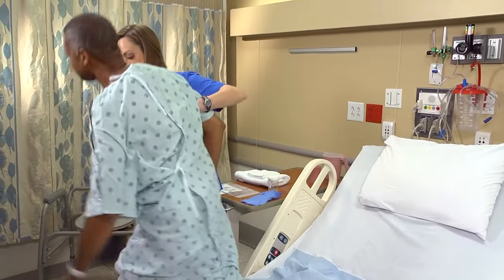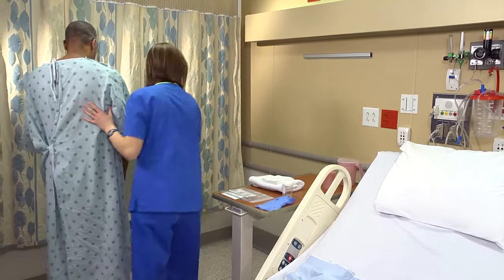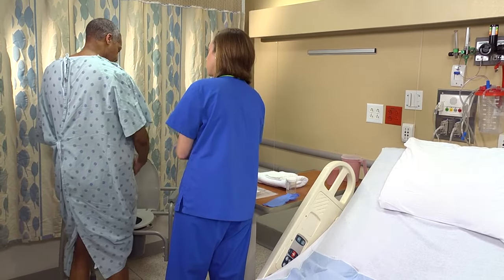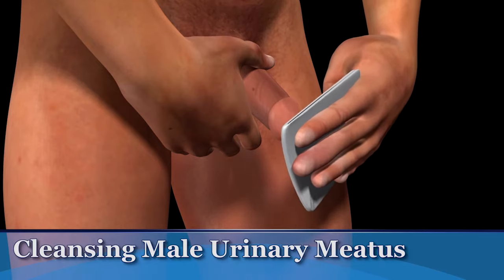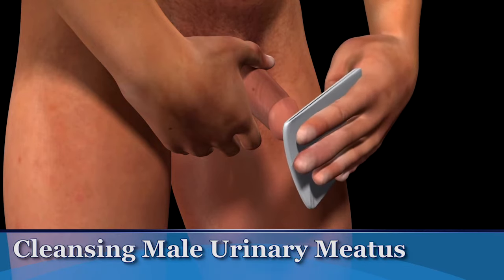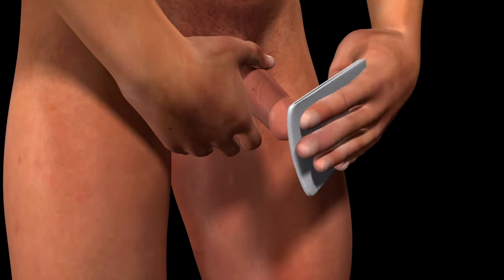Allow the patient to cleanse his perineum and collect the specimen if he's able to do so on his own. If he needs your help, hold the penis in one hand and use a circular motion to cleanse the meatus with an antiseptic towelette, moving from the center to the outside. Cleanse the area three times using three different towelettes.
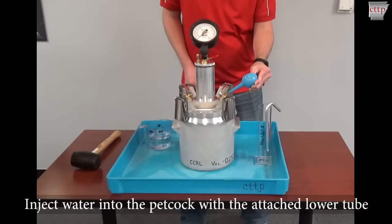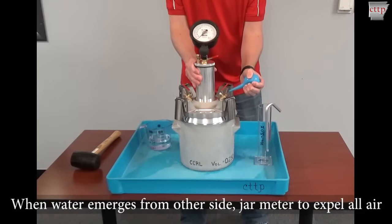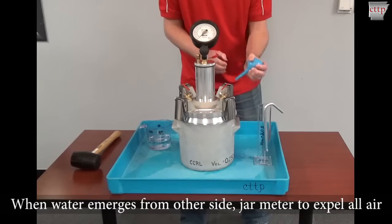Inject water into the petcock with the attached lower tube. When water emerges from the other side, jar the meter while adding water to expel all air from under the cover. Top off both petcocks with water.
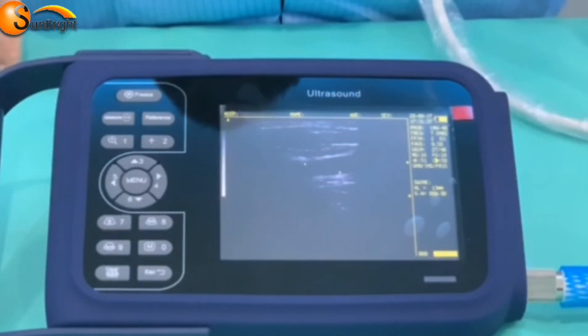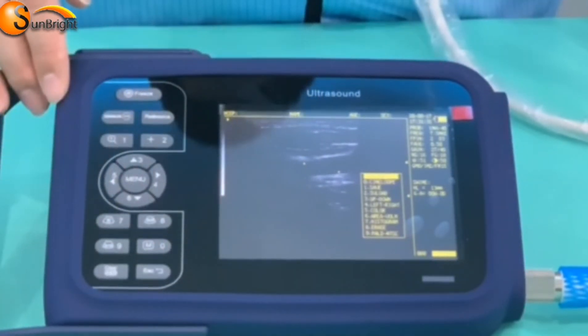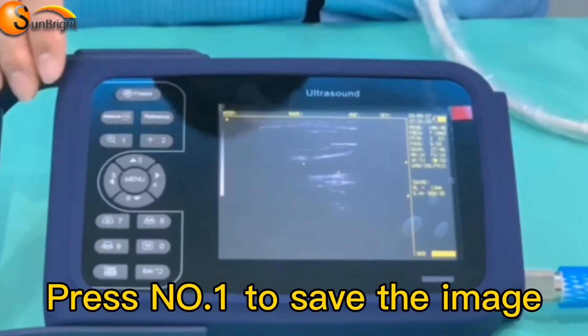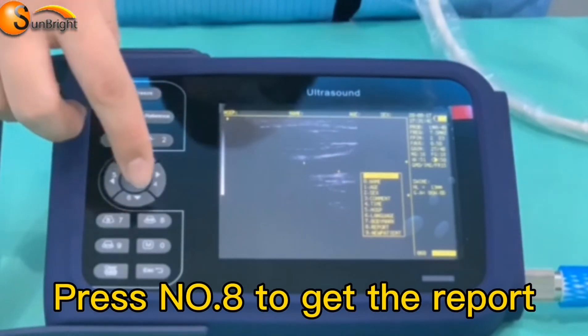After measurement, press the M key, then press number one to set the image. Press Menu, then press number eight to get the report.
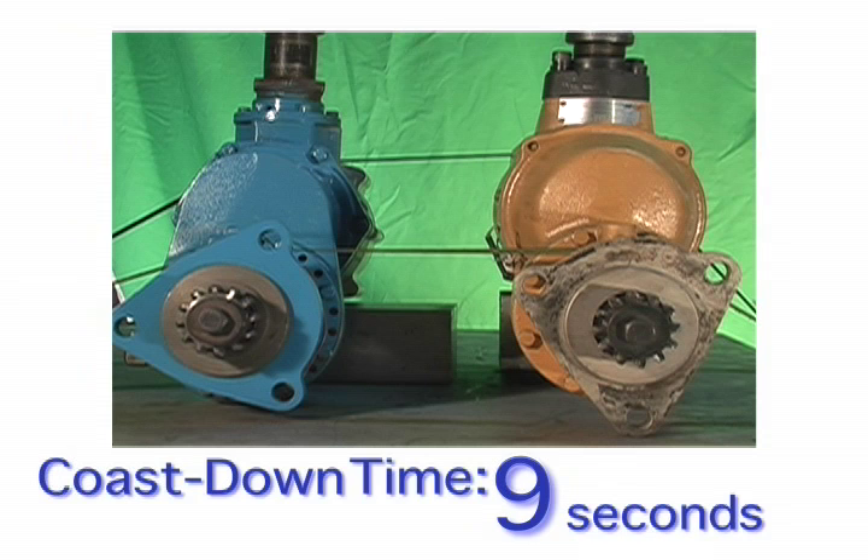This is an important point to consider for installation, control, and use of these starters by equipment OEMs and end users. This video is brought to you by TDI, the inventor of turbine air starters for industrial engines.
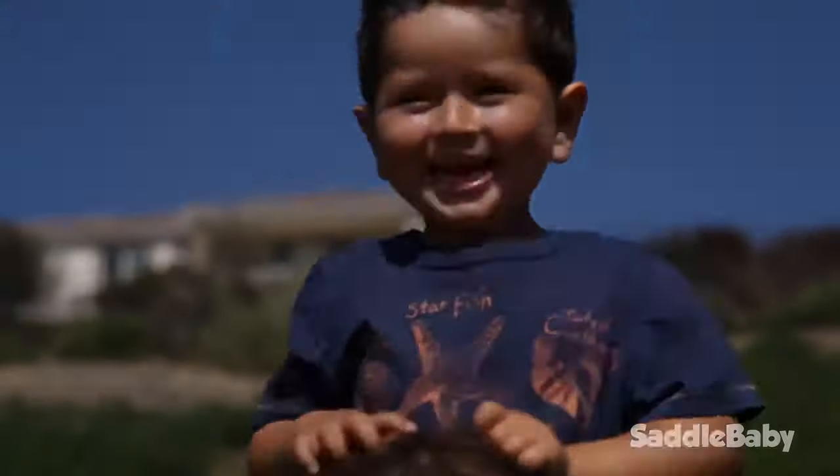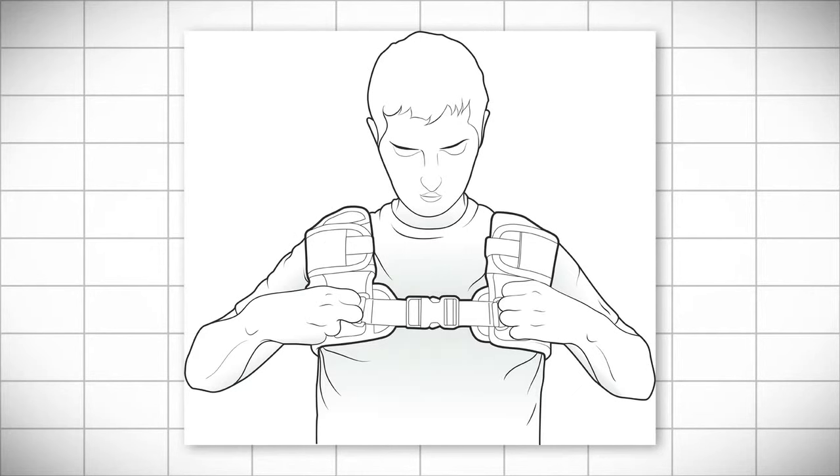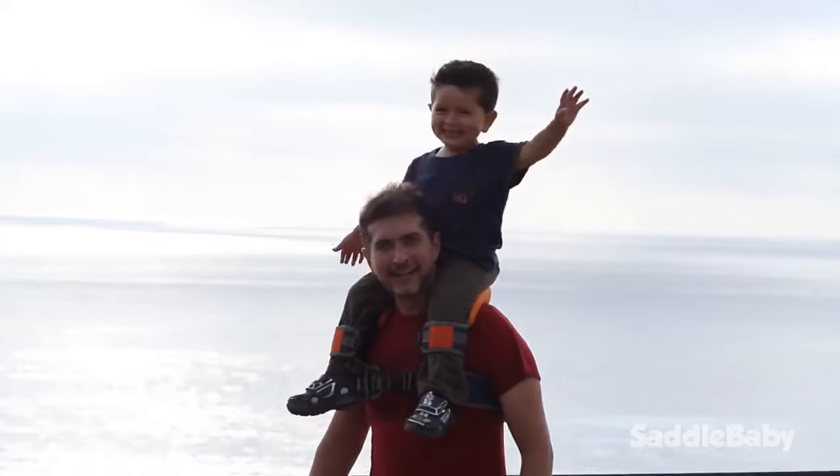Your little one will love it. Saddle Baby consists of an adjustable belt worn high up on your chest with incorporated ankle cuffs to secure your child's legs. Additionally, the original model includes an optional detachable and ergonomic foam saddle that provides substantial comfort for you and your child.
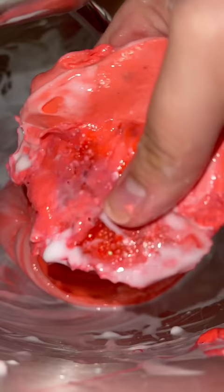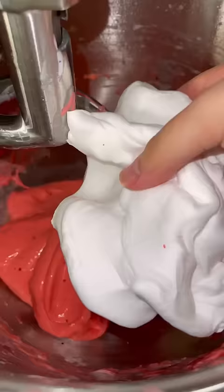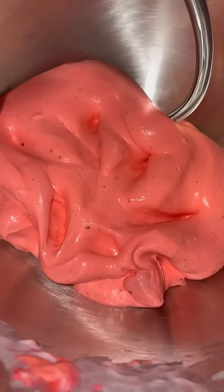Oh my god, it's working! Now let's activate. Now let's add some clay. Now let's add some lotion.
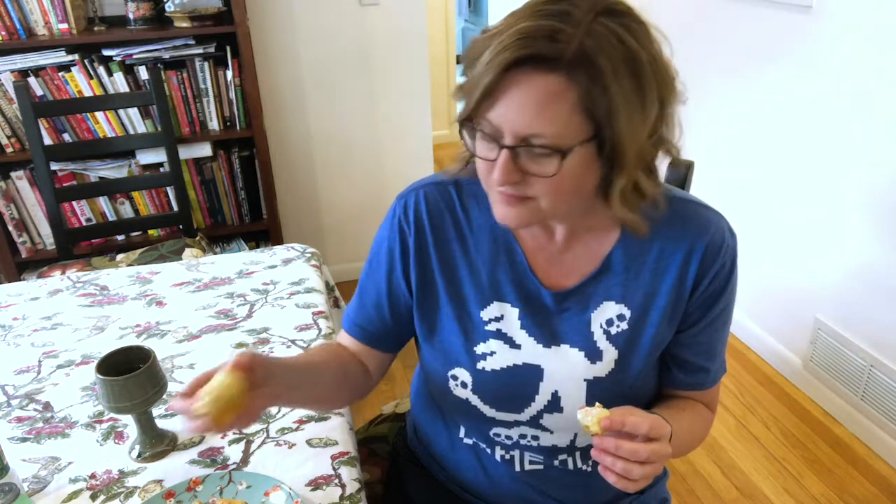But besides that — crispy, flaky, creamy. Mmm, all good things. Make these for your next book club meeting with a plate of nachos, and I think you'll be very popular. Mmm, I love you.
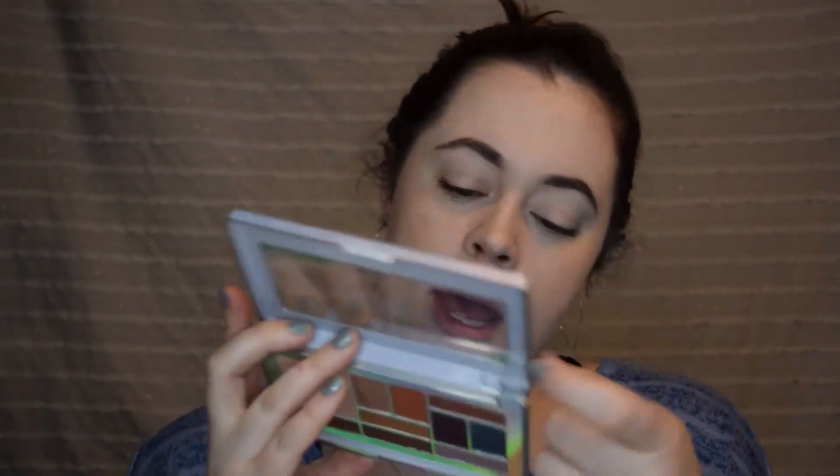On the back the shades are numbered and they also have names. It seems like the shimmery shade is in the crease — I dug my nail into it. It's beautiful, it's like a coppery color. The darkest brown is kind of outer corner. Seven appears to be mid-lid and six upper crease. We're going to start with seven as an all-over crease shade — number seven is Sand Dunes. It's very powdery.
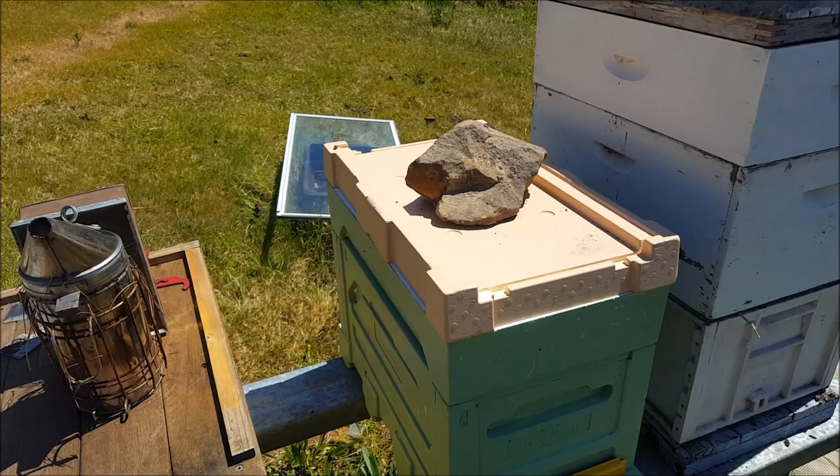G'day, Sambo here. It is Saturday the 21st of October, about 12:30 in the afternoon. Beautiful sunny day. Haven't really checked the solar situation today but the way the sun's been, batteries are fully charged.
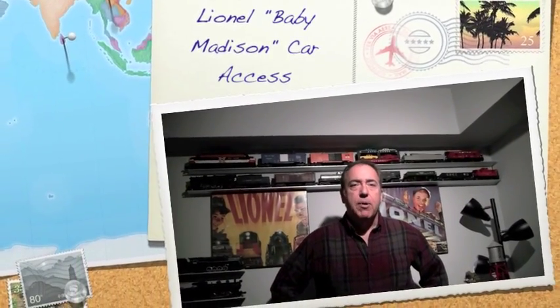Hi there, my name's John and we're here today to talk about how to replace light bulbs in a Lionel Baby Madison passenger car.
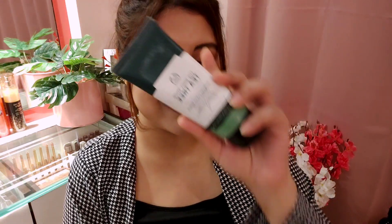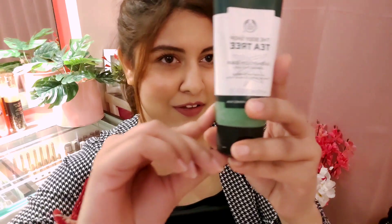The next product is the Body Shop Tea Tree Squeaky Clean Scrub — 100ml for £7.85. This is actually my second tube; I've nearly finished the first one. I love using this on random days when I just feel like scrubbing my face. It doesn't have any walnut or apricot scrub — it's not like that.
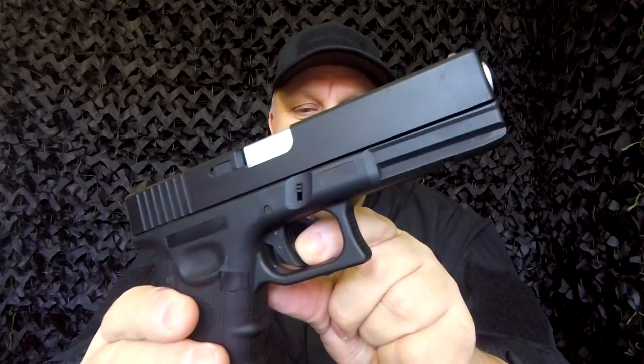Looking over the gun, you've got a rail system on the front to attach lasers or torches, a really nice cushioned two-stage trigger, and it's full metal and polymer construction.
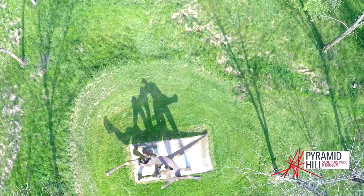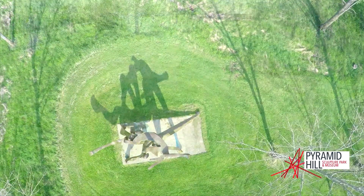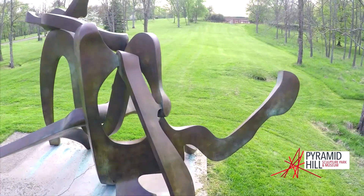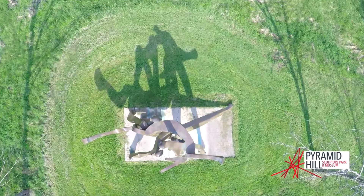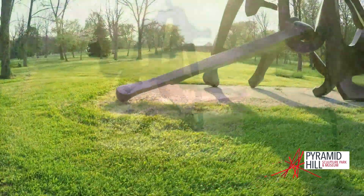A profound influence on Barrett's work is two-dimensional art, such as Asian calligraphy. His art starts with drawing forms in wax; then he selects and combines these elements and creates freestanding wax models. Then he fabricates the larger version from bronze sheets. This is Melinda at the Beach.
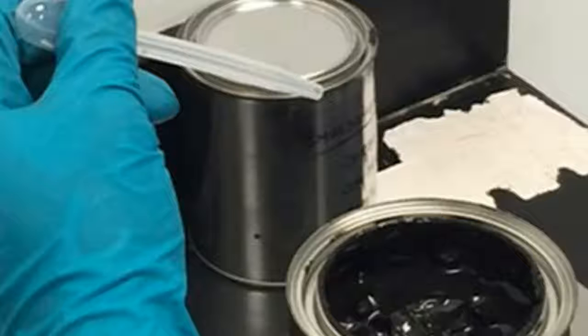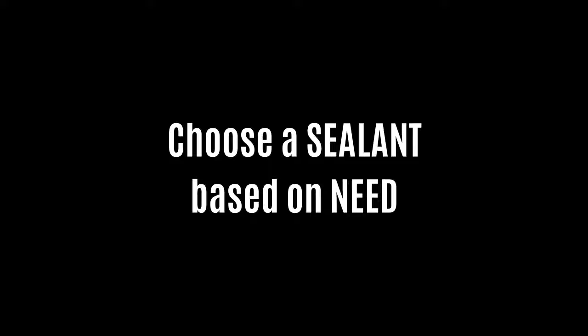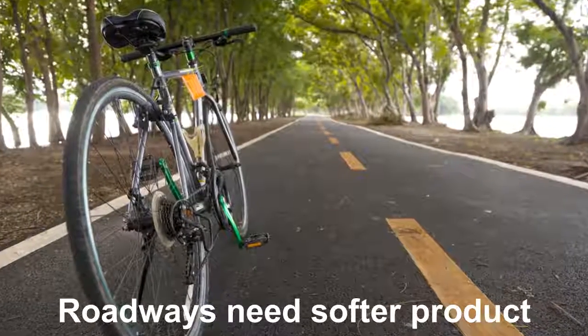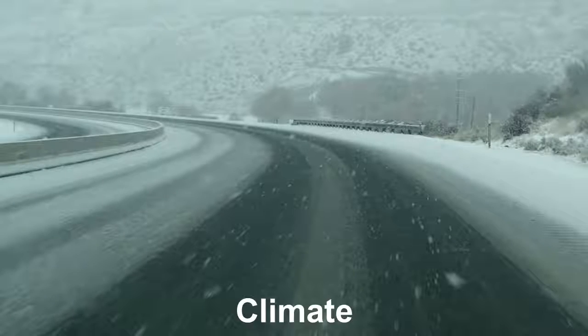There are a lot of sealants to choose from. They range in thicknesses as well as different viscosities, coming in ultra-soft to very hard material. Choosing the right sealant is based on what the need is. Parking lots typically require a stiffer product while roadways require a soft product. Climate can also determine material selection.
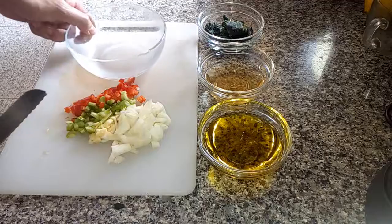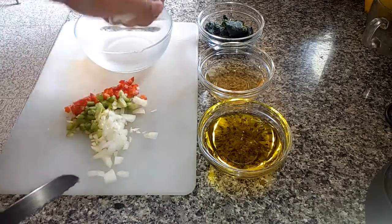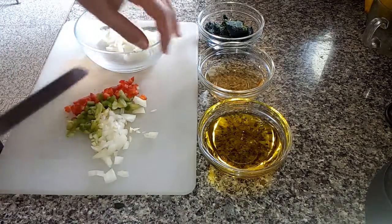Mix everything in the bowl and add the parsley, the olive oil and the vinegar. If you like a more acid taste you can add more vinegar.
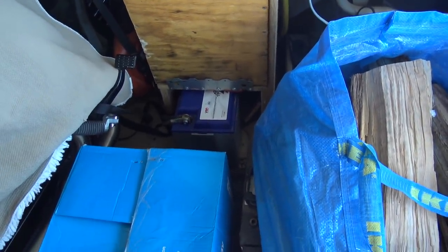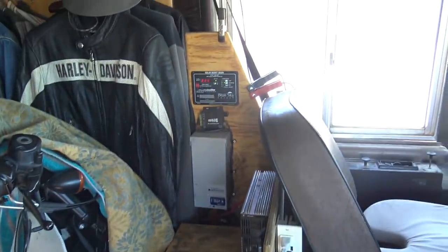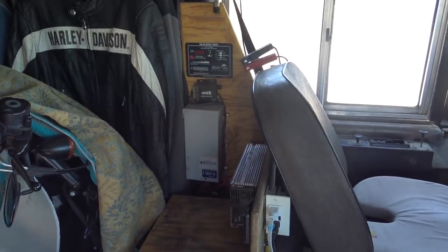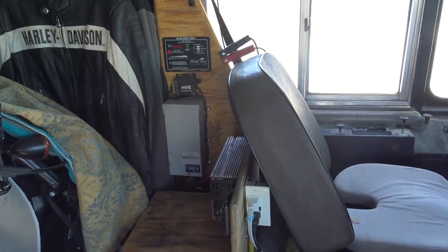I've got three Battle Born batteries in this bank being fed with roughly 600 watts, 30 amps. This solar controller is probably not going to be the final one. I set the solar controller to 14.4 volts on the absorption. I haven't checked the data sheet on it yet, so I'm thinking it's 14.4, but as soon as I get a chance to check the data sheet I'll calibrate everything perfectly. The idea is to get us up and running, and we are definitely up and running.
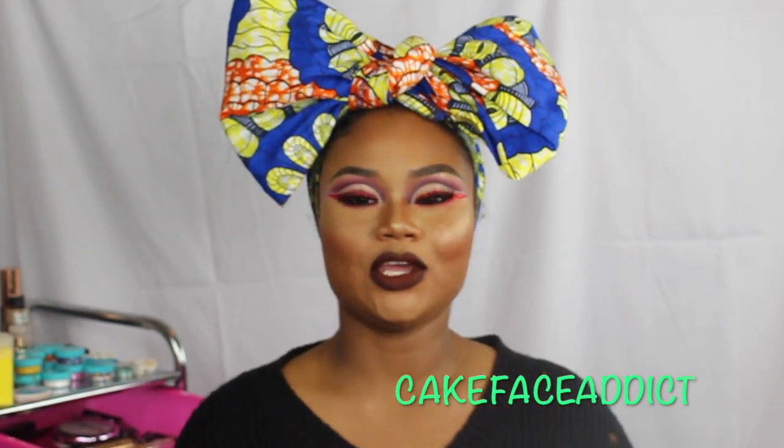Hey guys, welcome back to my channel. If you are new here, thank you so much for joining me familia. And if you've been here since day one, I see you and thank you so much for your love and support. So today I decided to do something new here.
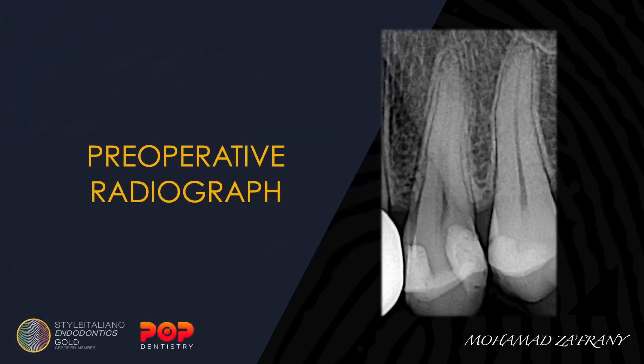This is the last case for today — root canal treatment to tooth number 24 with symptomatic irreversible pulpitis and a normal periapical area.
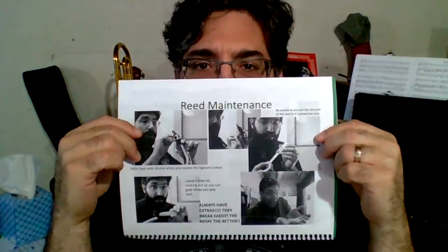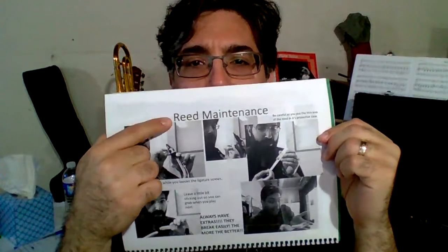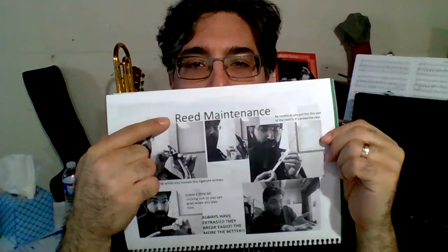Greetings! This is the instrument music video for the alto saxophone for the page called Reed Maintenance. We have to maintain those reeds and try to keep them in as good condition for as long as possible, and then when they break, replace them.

━━━━━━━━━━━━━━━━

» **Task requirements**
Since the pictures are not wanted, copy only the text of the records above, exactly.

» **Worked solution**
Allow the patient to cleanse his perineum and collect the specimen if he's able to do so on his own. If he needs your help, hold the penis in one hand and use a circular motion to cleanse the meatus with an antiseptic towelette, moving from the center to the outside. Cleanse the area three times using three different towelettes.
Inject water into the petcock with the attached lower tube. When water emerges from the other side, jar the meter while adding water to expel all air from under the cover. Top off both petcocks with water.
After measurement, press the M key, then press number one to set the image. Press Menu, then press number eight to get the report.
This is an important point to consider for installation, control, and use of these starters by equipment OEMs and end users. This video is brought to you by TDI, the inventor of turbine air starters for industrial engines.
Your little one will love it. Saddle Baby consists of an adjustable belt worn high up on your chest with incorporated ankle cuffs to secure your child's legs. Additionally, the original model includes an optional detachable and ergonomic foam saddle that provides substantial comfort for you and your child.
Oh my god, it's working! Now let's activate. Now let's add some clay. Now let's add some lotion.
But besides that — crispy, flaky, creamy. Mmm, all good things. Make these for your next book club meeting with a plate of nachos, and I think you'll be very popular. Mmm, I love you.
On the back the shades are numbered and they also have names. It seems like the shimmery shade is in the crease — I dug my nail into it. It's beautiful, it's like a coppery color. The darkest brown is kind of outer corner. Seven appears to be mid-lid and six upper crease. We're going to start with seven as an all-over crease shade — number seven is Sand Dunes. It's very powdery.
G'day, Sambo here. It is Saturday the 21st of October, about 12:30 in the afternoon. Beautiful sunny day. Haven't really checked the solar situation today but the way the sun's been, batteries are fully charged.
Hi there, my name's John and we're here today to talk about how to replace light bulbs in a Lionel Baby Madison passenger car.
The next product is the Body Shop Tea Tree Squeaky Clean Scrub — 100ml for £7.85. This is actually my second tube; I've nearly finished the first one. I love using this on random days when I just feel like scrubbing my face. It doesn't have any walnut or apricot scrub — it's not like that.
Looking over the gun, you've got a rail system on the front to attach lasers or torches, a really nice cushioned two-stage trigger, and it's full metal and polymer construction.
A profound influence on Barrett's work is two-dimensional art, such as Asian calligraphy. His art starts with drawing forms in wax; then he selects and combines these elements and creates freestanding wax models. Then he fabricates the larger version from bronze sheets. This is Melinda at the Beach.
There are a lot of sealants to choose from. They range in thicknesses as well as different viscosities, coming in ultra-soft to very hard material. Choosing the right sealant is based on what the need is. Parking lots typically require a stiffer product while roadways require a soft product. Climate can also determine material selection.
Mix everything in the bowl and add the parsley, the olive oil and the vinegar. If you like a more acid taste you can add more vinegar.
I've got three Battle Born batteries in this bank being fed with roughly 600 watts, 30 amps. This solar controller is probably not going to be the final one. I set the solar controller to 14.4 volts on the absorption. I haven't checked the data sheet on it yet, so I'm thinking it's 14.4, but as soon as I get a chance to check the data sheet I'll calibrate everything perfectly. The idea is to get us up and running, and we are definitely up and running.
Hey guys, welcome back to my channel. If you are new here, thank you so much for joining me familia. And if you've been here since day one, I see you and thank you so much for your love and support. So today I decided to do something new here.
This is the last case for today — root canal treatment to tooth number 24 with symptomatic irreversible pulpitis and a normal periapical area.
Greetings! This is the instrument music video for the alto saxophone for the page called Reed Maintenance. We have to maintain those reeds and try to keep them in as good condition for as long as possible, and then when they break, replace them.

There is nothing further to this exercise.